# RECORDS FOR PROCESSING
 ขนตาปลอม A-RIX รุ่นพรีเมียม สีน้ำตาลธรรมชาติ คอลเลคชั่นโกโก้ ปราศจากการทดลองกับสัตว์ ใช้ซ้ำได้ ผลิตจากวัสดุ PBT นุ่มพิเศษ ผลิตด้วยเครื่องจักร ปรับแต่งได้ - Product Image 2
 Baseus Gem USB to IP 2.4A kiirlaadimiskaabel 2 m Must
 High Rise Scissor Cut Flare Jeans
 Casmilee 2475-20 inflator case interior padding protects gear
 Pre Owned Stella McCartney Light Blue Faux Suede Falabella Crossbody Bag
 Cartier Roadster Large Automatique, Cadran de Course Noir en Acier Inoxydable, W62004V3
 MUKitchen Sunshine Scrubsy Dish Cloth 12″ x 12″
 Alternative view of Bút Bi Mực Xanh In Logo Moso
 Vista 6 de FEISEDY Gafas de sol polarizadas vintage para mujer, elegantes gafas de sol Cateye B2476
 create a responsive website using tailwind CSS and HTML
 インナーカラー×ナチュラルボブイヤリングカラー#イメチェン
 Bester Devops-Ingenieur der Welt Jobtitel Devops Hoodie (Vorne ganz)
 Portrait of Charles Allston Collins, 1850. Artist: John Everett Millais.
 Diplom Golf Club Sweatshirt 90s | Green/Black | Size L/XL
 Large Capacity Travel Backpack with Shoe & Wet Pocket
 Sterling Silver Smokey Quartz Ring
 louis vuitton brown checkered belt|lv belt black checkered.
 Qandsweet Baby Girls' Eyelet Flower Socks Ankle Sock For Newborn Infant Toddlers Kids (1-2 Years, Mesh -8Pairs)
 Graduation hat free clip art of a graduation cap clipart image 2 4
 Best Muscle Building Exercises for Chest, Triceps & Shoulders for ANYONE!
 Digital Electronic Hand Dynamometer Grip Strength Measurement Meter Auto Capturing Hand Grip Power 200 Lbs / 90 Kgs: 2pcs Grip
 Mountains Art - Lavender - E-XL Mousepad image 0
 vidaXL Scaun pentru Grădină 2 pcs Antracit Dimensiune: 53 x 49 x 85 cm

# EXERCISE PROMPT
Produce an exact copy of each line from the one holding "Best Muscle Building" through the last line of the records, both included, and nothing more.

# RESPONSE BOX
 Best Muscle Building Exercises for Chest, Triceps & Shoulders for ANYONE!
 Digital Electronic Hand Dynamometer Grip Strength Measurement Meter Auto Capturing Hand Grip Power 200 Lbs / 90 Kgs: 2pcs Grip
 Mountains Art - Lavender - E-XL Mousepad image 0
 vidaXL Scaun pentru Grădină 2 pcs Antracit Dimensiune: 53 x 49 x 85 cm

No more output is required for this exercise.